PROBLEM DETAILS: Pictures excluded, return the lines below from the first through the line holding "Beachfront Family Room, Relax".

RECORDS PROVIDED:

-----

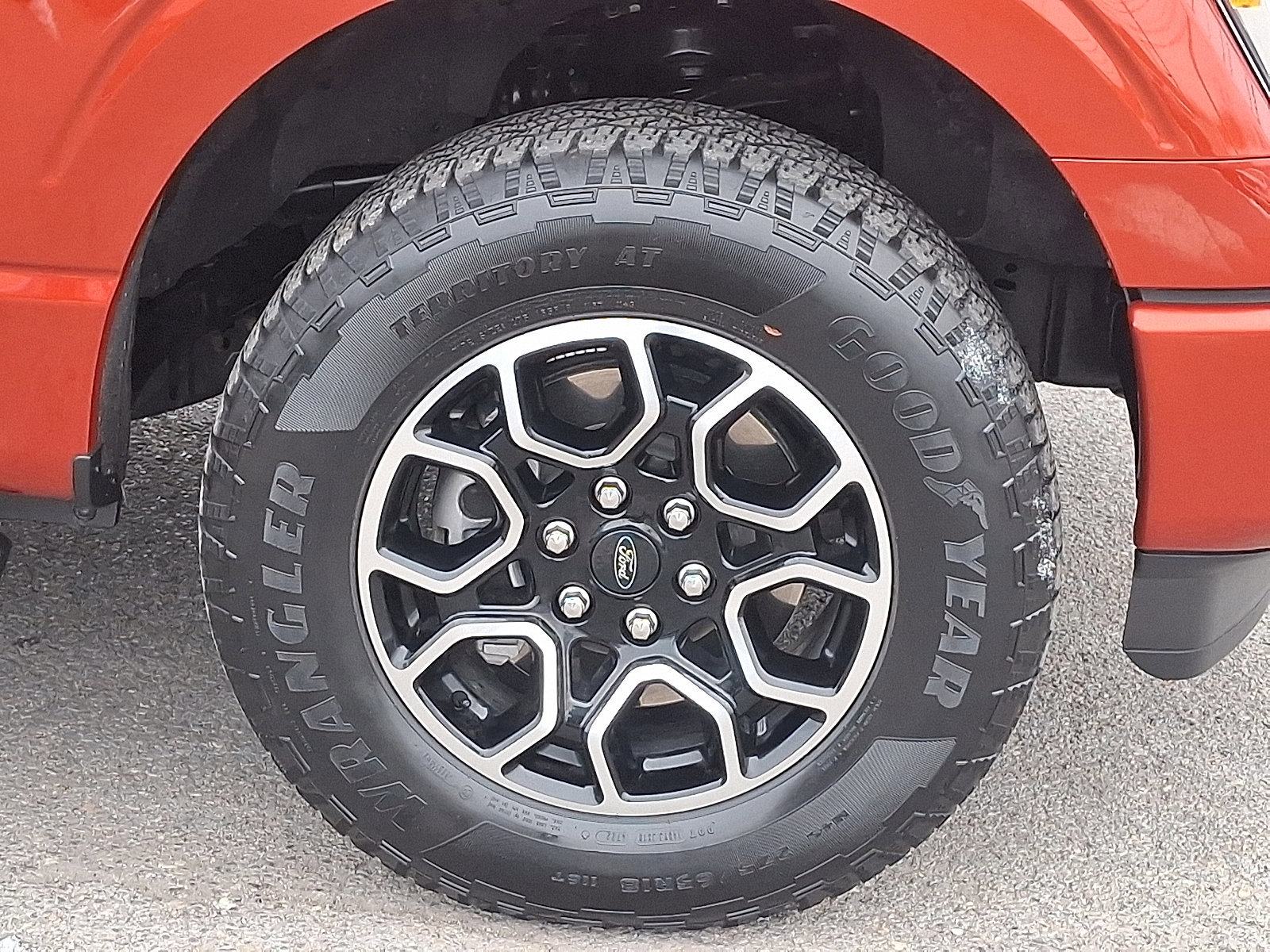 Certified 2023 Ford F150 XLT w/ Equipment Group 302A High image 8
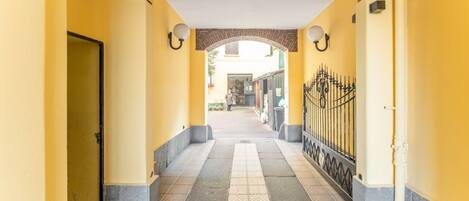 المنطقة المحيطة بالمنشأة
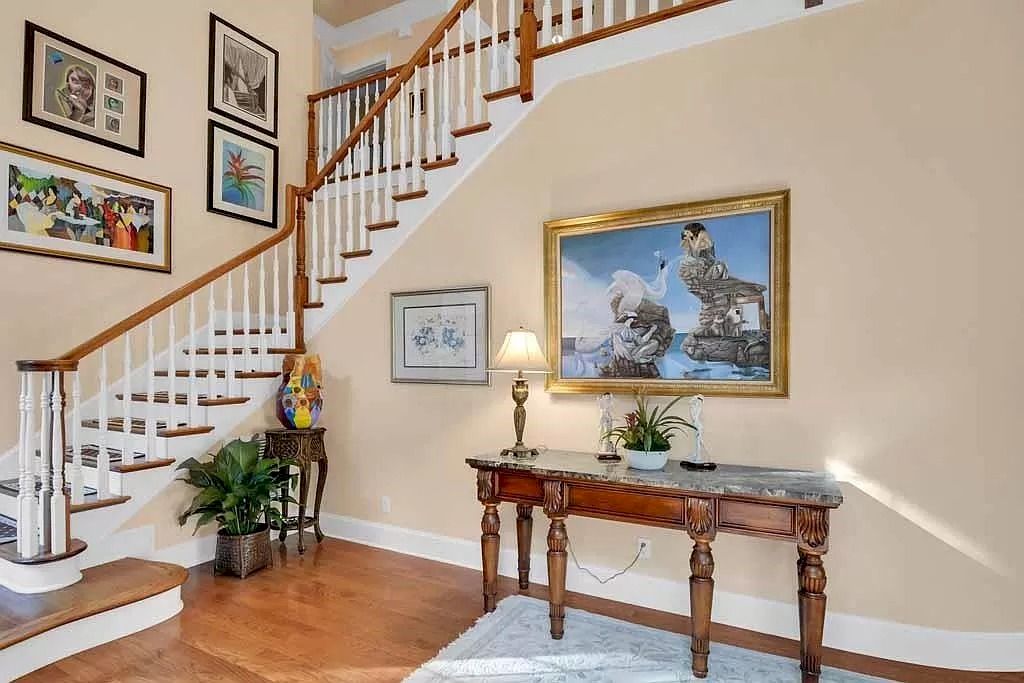The Home in Georgia is a luxurious home offering impressive foyer, gracious living room and spacious dining room now available for sale. This home located at 23 Carriage Dr, Saint Simons Island, Georgia; offering 07 bedrooms and 08 bathrooms with 10,688 square feet of living spaces.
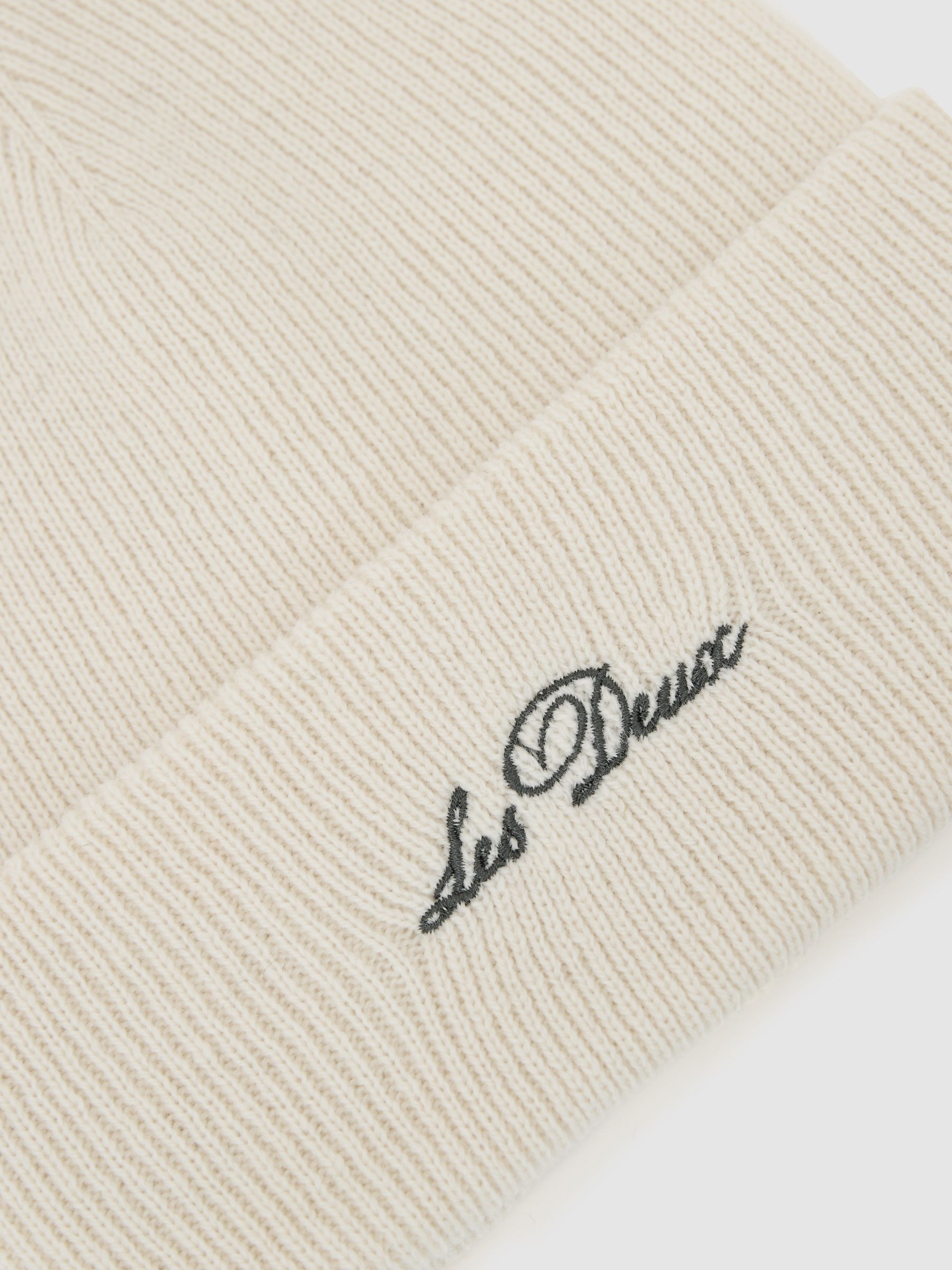 قبعة Wayne المطرزة باللون العاجي - صورة 3 من 3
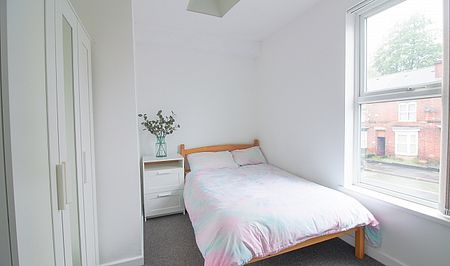 Four Bedroom Student Property - Photo 2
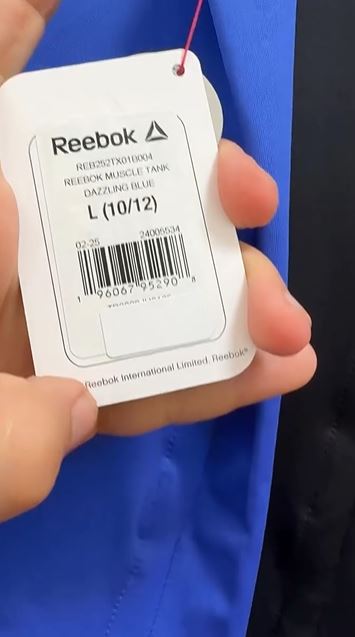 美國民眾前往沃爾瑪購物,發現有些商品的舊價格條碼被蓋住。(圖/翻攝自IG@campcallout)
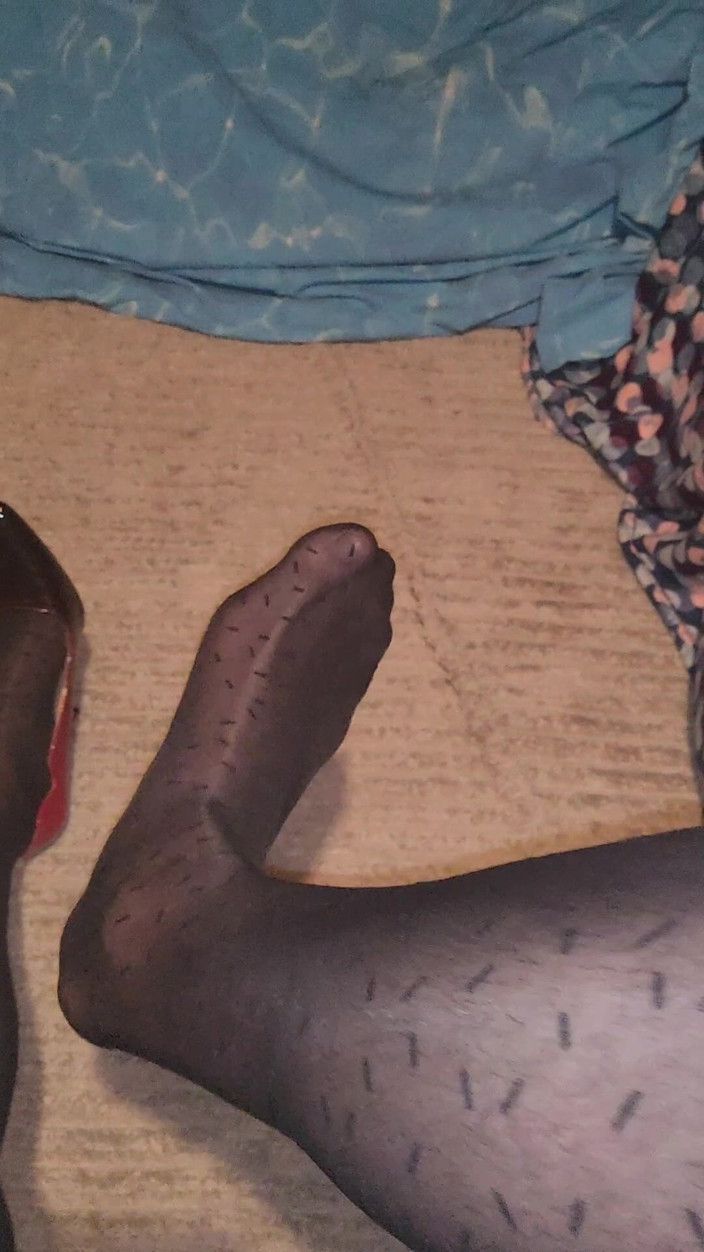 LoverPantyhose: Teasing My Pattern Black Pantyhose
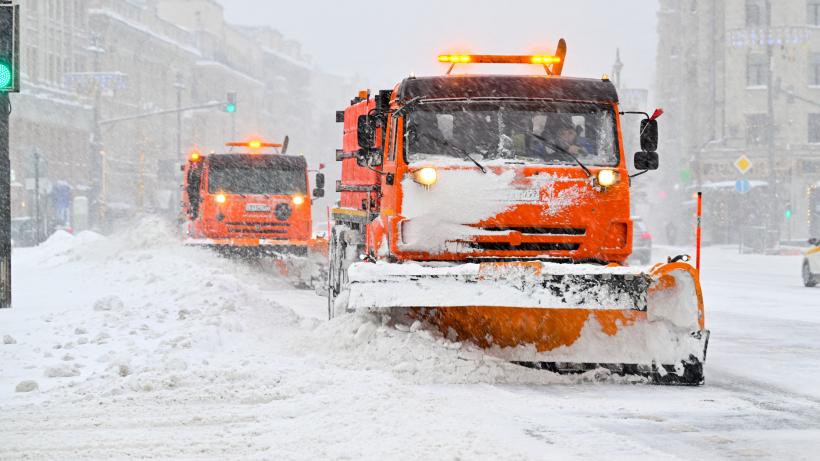 Temperaturile scad la minus 13 grade în București și continuă să ningă. Prognoza specială pentru Capitală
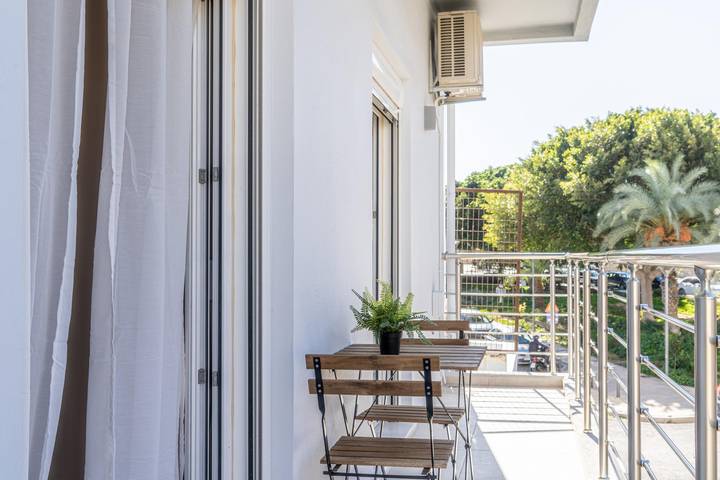 Appartement entier, Appartement de vacances pour 6 personnes avec balcon in Région d'Iraklio-Héraklion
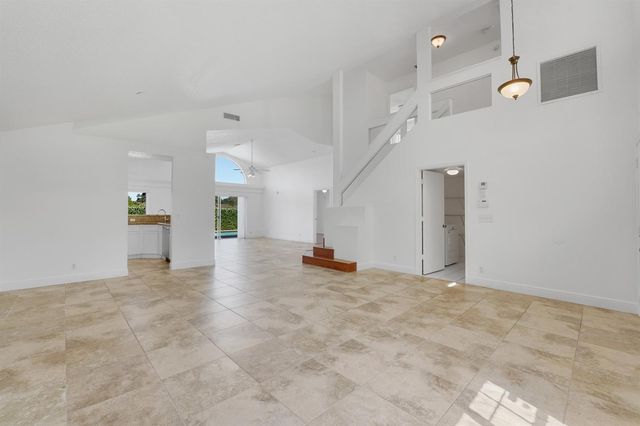 4355 LEICESTER Court, West Palm Beach, FL 33409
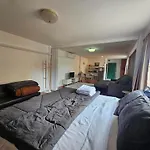 Beachfront Family Room, Relax & Sunbathe 5 Guests
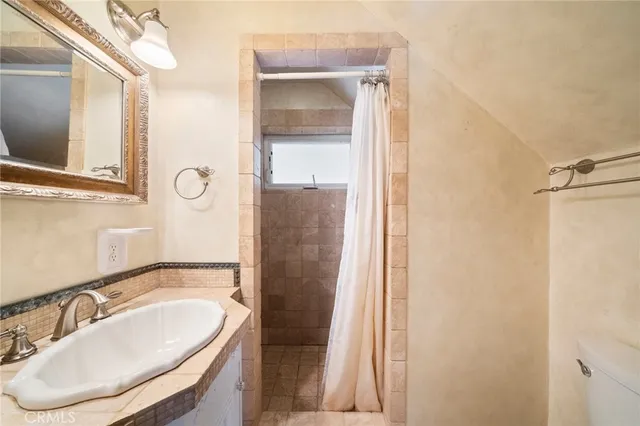 $270,000 | 746 West Victoria Court, Lake Arrowhead, CA 92352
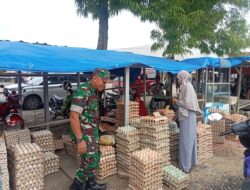 Babinsa Koramil 06/Panca Rijang Laksanakan Pemantauan Bahan Pokok di Pasar Sentral Rappang, Sidrap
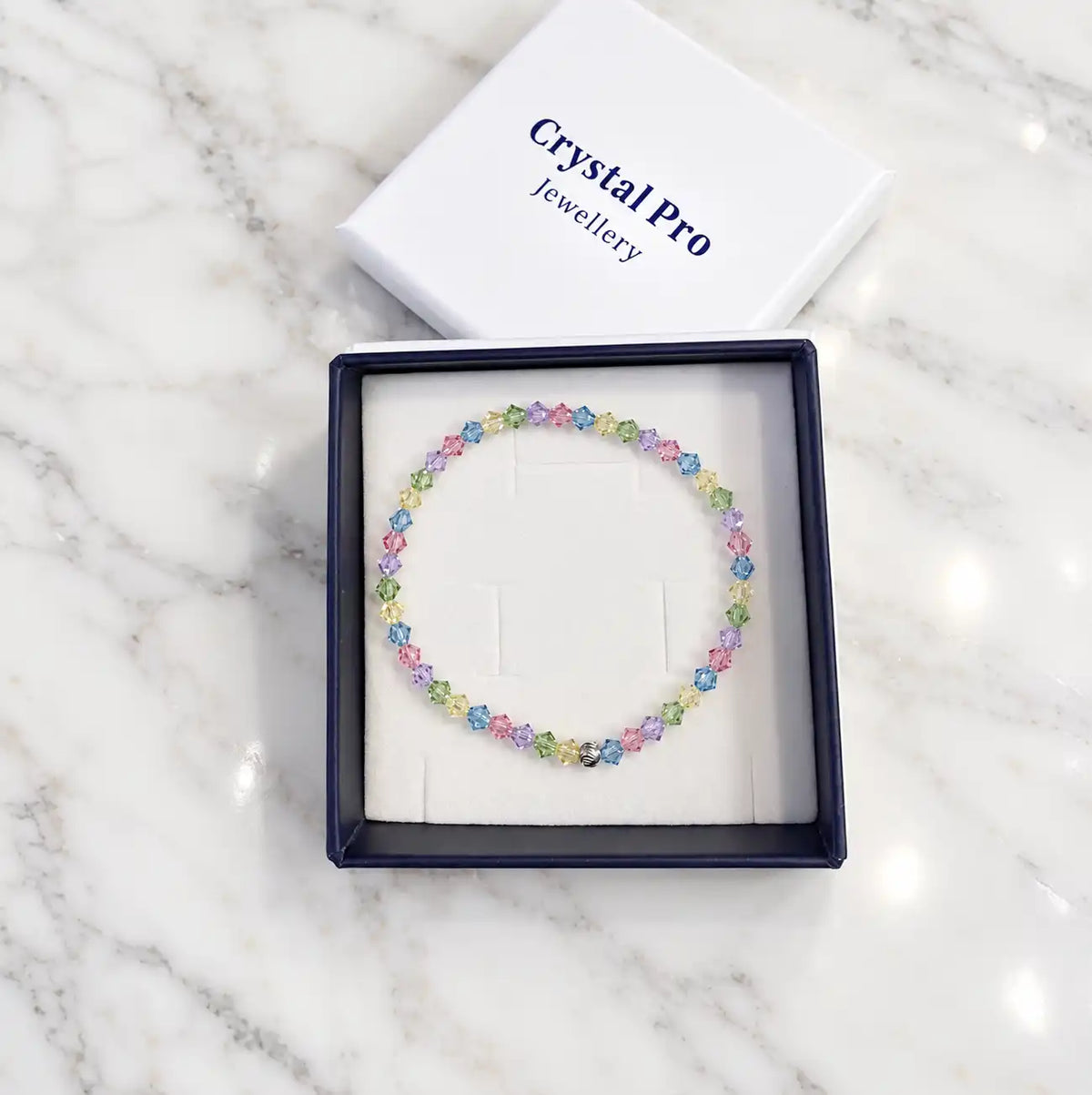 Stylish bracelet with pearls and crystals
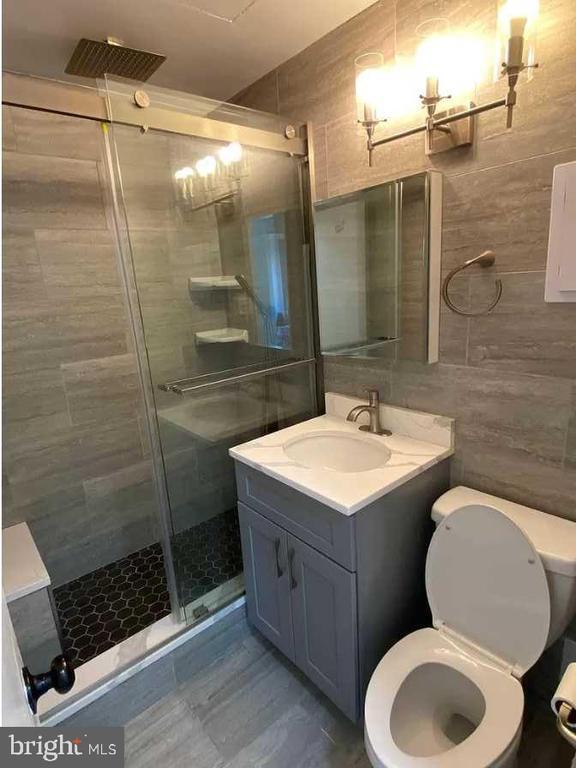 Building Photo - 1011 Arlington Blvd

-----

ANSWER FOR THIS EXERCISE:
 Certified 2023 Ford F150 XLT w/ Equipment Group 302A High image 8
 المنطقة المحيطة بالمنشأة
The Home in Georgia is a luxurious home offering impressive foyer, gracious living room and spacious dining room now available for sale. This home located at 23 Carriage Dr, Saint Simons Island, Georgia; offering 07 bedrooms and 08 bathrooms with 10,688 square feet of living spaces.
 قبعة Wayne المطرزة باللون العاجي - صورة 3 من 3
 Four Bedroom Student Property - Photo 2
 美國民眾前往沃爾瑪購物,發現有些商品的舊價格條碼被蓋住。(圖/翻攝自IG@campcallout)
 LoverPantyhose: Teasing My Pattern Black Pantyhose
 Temperaturile scad la minus 13 grade în București și continuă să ningă. Prognoza specială pentru Capitală
 Appartement entier, Appartement de vacances pour 6 personnes avec balcon in Région d'Iraklio-Héraklion
 4355 LEICESTER Court, West Palm Beach, FL 33409
 Beachfront Family Room, Relax & Sunbathe 5 Guests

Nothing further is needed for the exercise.